The Future of the Housing Movement
Full disclosure, the organization I work for professionally—the Housing Leadership Council of San Mateo County, a low-income housing advocacy group—has endorsed SB 79. (Though this piece is 100% my own opinion and does not reflect my employer.)
Our state faces an existential political crisis, the culmination of decades of self-induced housing shortage. We build dramatically less housing than other states. Heck, we build dramatically less housing than we did 50 years ago, when the state was more affordable.
California’s low-development status quo is already inequitable, already forcing people to leave their homes. “Inclusionary zoning” and community input can, counterintuitively, cause even greater displacement if they render new housing financially infeasible to build.
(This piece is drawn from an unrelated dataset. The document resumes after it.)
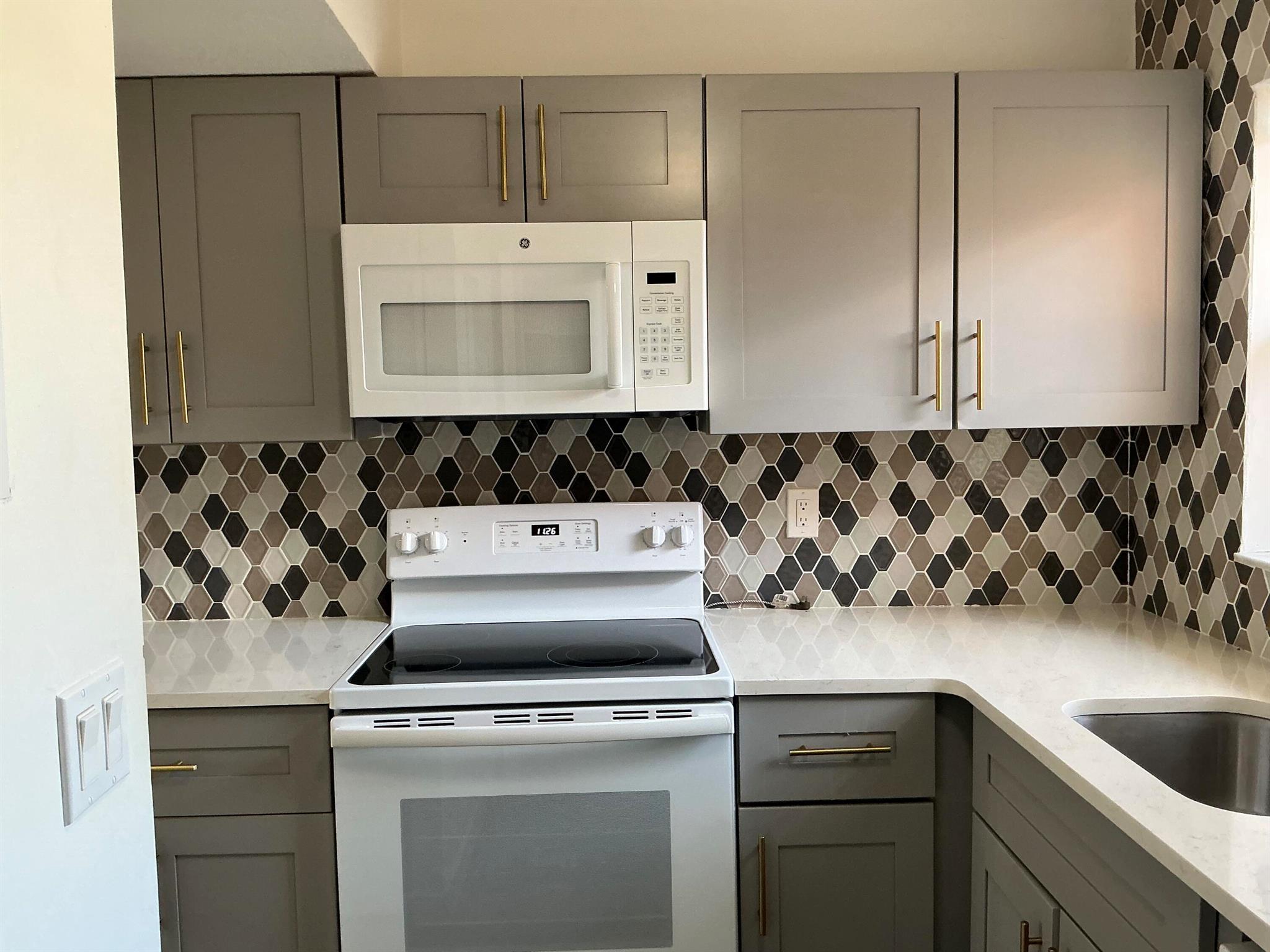 GOLDEN LAKES VILLAGE COND - Residential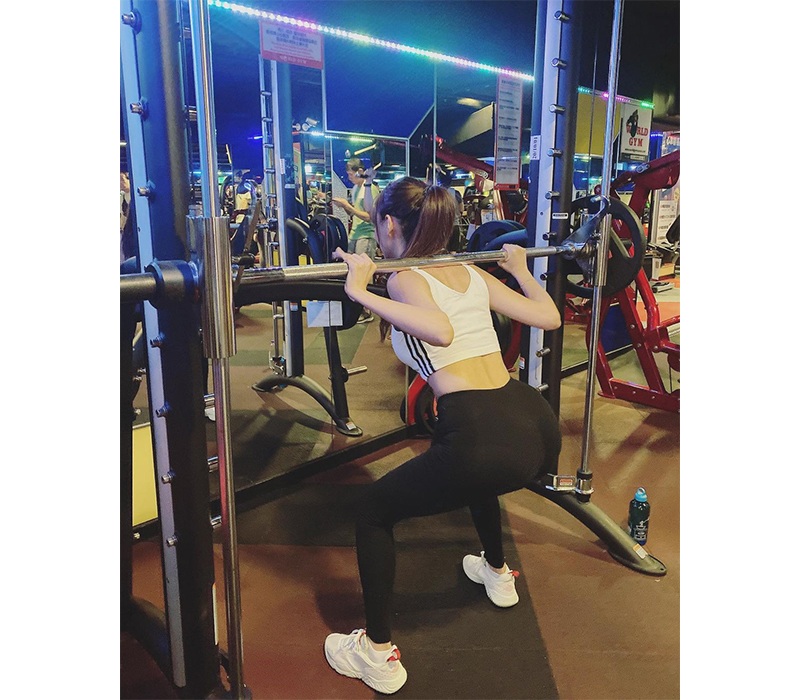 Những buổi tập gym giúp Abby "tạm biệt" mỡ thừa, có được thân hình săn chắc, quyến rũ. Bên cạnh những bài tập với máy như chạy bộ, đạp xe, nàng hot girl còn tập thêm các bài với tạ để tăng cường hiệu quả cải thiện vóc dáng.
Mandating 20% (or some other arbitrarily high percentage) of low-income housing in all new development doesn’t get us very many new low-income units if zero new units get built overall.
Recognizing the broken status quo, SB 79 was not controversial among HLC’s membership, even though our policy committee and board consists of low-income housing developers, tenants rights lawyers, local jurisdiction staff, and union representatives.
We built consensus in part by framing SB 79 as part of a broader effort to promote housing affordability rather than a standalone bill. SB 79’s biggest proponents in the legislature are working to pass public funding that will subsidize low-income housing production, a deal sweetener for the low-income development community. Legislators are also moving a package of streamlining laws, many of which would speed up low-income housing production. Contextualizing SB 79 helped bring people along.
The Housing Leadership Council’s board is a microcosm of a powerful statewide coalition, a coalition that could be virtually unstoppable if it moved in lockstep. As SB 79—and other important legislation—moves forward, let’s hope the housing community can unite around shared values to support the homes we need.
For the basics of zoning, read my pop history at https://open.substack.com/pub/jeremyl/p/zoning-controls-your-life-and-it?r=74nn5&utm_medium=ios
The bill still allows local inclusionary zoning ordinances to apply if a city has one, there just isn't any requirement written into the bill itself. To learn more about the costs of building housing in California, you can read a recent report by the RAND Institute, a think tank.
Some groups, including the organization I work for, also expressed concerns about changes the bill made to California rules incentivizing subsidized low-income housing development on publicly owned land. The bill has since been amended to address those concerns so I’m not covering them here.
Darrell also has a good piece on gentrification.
20% x 0 = ZERO. What’s the point of these “inclusionary” housing requirements if nothing gets built?
The whole premise here that "communities" exist and have rights is fallacious.